Concebida para o palco italiano no Teatro do Leblon – Sala Fernanda Montenegro, o espetáculo propõe uma relação mais direta com o espectador, desde a primeira cena, marcada pela entusiasmada entrada de Carcará, interpretado pelo ator Bruno Miguel, pelo corredor que dá acesso ao palco. No decorrer da apresentação, a diretora Lena Horn permanece investindo na quebra da fronteira entre o espaço da cena e o do público, seja ao acomodar três atores/personagens na primeira fila do teatro, seja ao ambientar a rápida e fabulosa corrida do título em meio à plateia. No entanto, estes procedimentos, talvez por soarem, em certa medida, forçados (principalmente, o primeiro), não chegam a contribuir para a construção de um envolvimento entre a montagem e o espectador.

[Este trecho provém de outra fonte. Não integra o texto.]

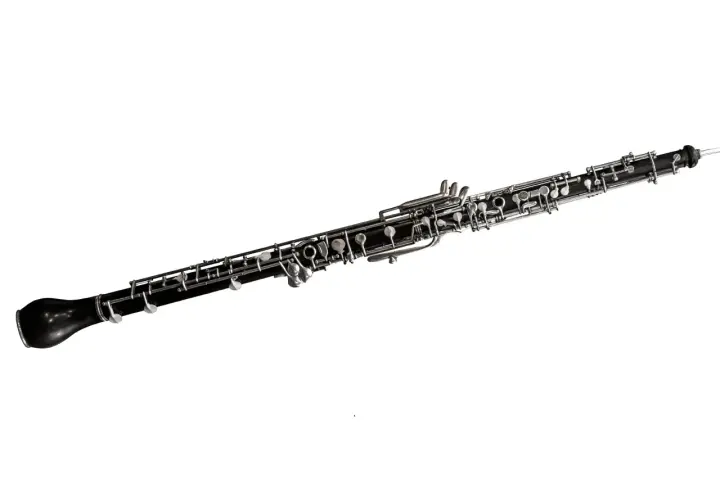 Elegancki, czarny obój z metalowymi klapami, angielski instrument muzyczny, gotowy do wydobycia pięknych melodii.
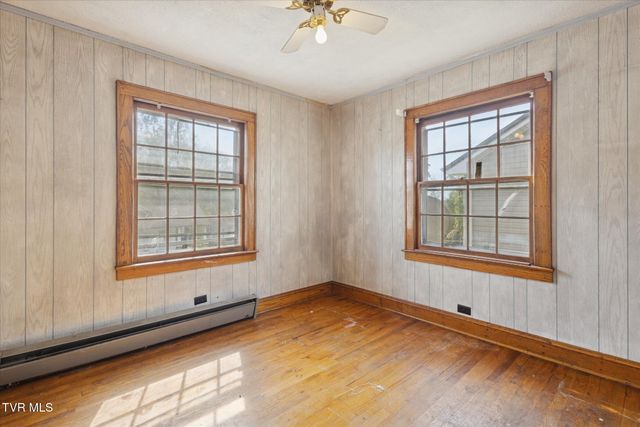 279 Chapel Street, Weber City, VA 24290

Questões pertinentes, como a necessidade de conquistar reconhecimento e admiração e o sofrimento para superar a baixa autoestima, vêm à tona em A Fabulosa Corrida de Virgulino Lebre e Mestre Tartarugo, um espetáculo empenhado, mas carente de encanto em toda a sua realização. O elenco evidencia um esforço na composição de voz (sotaque) e gestual que nem sempre resulta de modo fluente. Mas cabe destacar a bela voz de Daniela Fontan e a expressão divertida de Édio Nunes como Mestre Tartarugo. Bem integrados ao conjunto, os músicos João Bittencourt, Roberto Kauffmann e Mingo Leahy.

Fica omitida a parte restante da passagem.